As bearing operational conditions vary depending on devices in which bearings are mounted, different performances are demanded of bearings. Normally, two or more bearings are used on one shaft.
In many cases, in order to locate shaft positions in the axial direction, one bearing is mounted on the fixed side first, then the other bearing is mounted on the free side.
Table 4-1 Bearings on fixed and free sides
Recommended bearing type
Fixed side bearing
This bearing determines shaft axial position.
This bearing can accommodate both radial and axial loads.
Since axial load in both directions is imposed on this bearing, strength must be considered in selecting the bearing for this side.
Deep groove ball bearing Matched pair or stack angular contact ball bearing Double-row angular contact ball bearing Self-aligning ball bearing Cylindrical roller bearing with rib (NUP and NH types) Double-row tapered roller bearing Spherical roller bearing
Free side bearing
This bearing is employed to compensate for expansion or shrinkage caused by operating temperature change and to allow ajustment of bearing position.

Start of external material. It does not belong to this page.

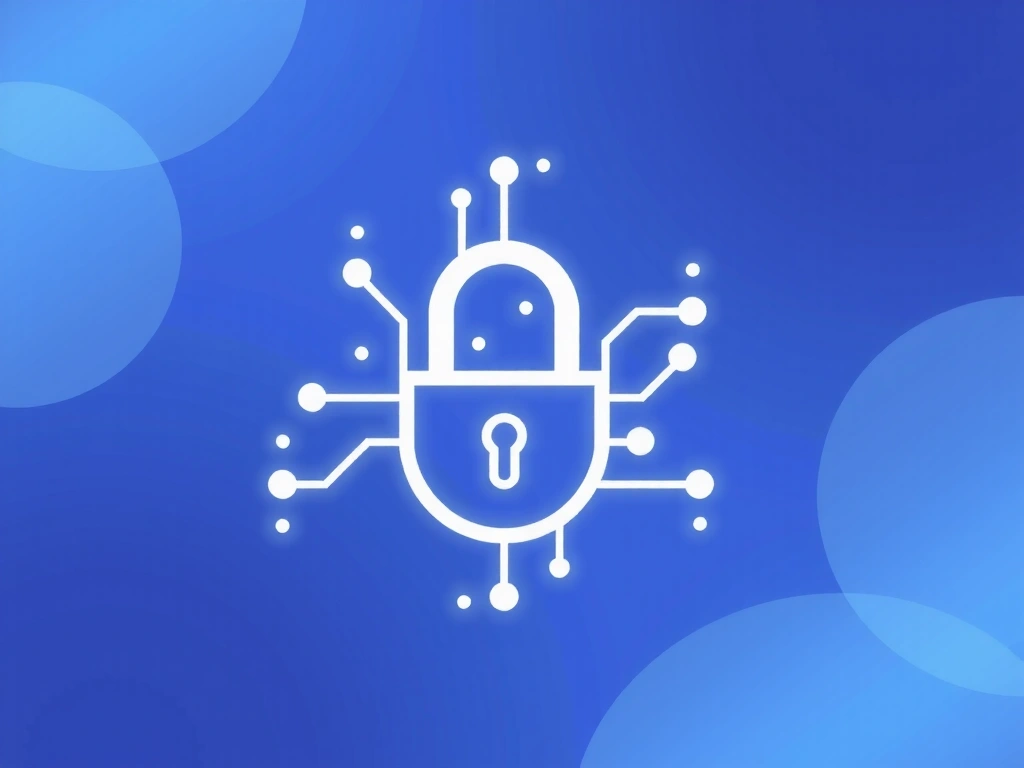 Digital lock icon representing data security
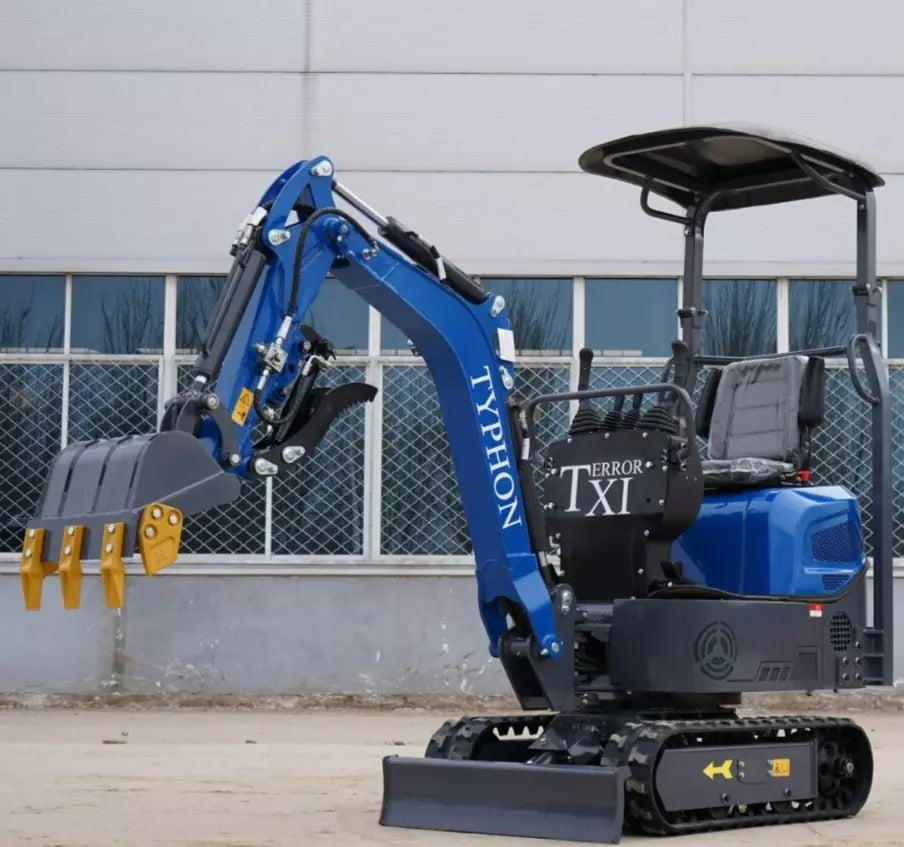 TYPHON TERROR XI Heavy-Duty Mini Excavator – 1-Ton 13.5HP Briggs & Stratton Engine EPA-Certified Crawler Digger image 0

Bearings which accommodate radial load only and whose inner and outer rings are separable are recommended as free side bearings.
In general, if non-separable bearings are used on free side, clearance fit is provided between outer ring and housing to compensate for shaft movement through bearings. In some cases, clearance fit between shaft and inner ring is utilized.
Separable types Cylindrical roller bearing (NU and N types) Needle roller bearing (NA type, etc.)
When bearing intervals are short and shaft shrinkage does not greatly affect bearing operation, a pair of angular contact ball bearings or tapered roller bearings is used in paired mounting to accommodate axial load.
After mounting, the axial clearance is adjusted using nuts or shims.